Multi Species Analysis - Ridom Typer Documentation

Multi Species Analysis in different Projects

To process multiple species within one pipeline into different projects, the pipeline script must be able to detect the correct project for each sample. This can be done by defining the project acronym in FASTQ or FASTA file names, or by determining the genus and species by Mash identification.

To create a comparison table for samples from different species specific projects, open the function Tools | Comparison Table and choose Select Samples from Database. Then select all projects that should be added, press the Search button, and confirm with Choose All Found. The section Choose Task Template Fields will show all task templates that are used by at least one of the projects. By default no task templates are selected, but cgMLST fields Perc. Good Target and Complex Type, and the MLST field ST will be added to the comparison table even if the scheme is not selected.
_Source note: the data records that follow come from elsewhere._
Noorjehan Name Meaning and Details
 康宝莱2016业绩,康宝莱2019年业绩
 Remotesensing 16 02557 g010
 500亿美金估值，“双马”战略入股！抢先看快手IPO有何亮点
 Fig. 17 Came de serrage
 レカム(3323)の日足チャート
For allele type fields and for other task templates, the task templates must be selected in the list.

When the comparison table is created, it will contain multiple fields for Perc. Good Target, Complex Type, and ST, usually one per task template. To collapse those task specific fields into one, the function Columns | Merge Species/Task Specific Columns can be used. It should be noted that, for example, the STs with the same number may belong to different species and MLST schemes.

Multi Species Analysis in same Project

If no cgMLST is required, multiple species can be organized in a single project, using general task templates as, e.g., NCBI AMRFinderPlus.

When assembling such different species in a pipeline, the pipeline script must determine the expected genome size automatically. This can be done, by enabling the option Find Expected Genome Size automatically (Mash Distance) in the project settings of the pipeline script. The genome size is determined then by a close matching reference genome.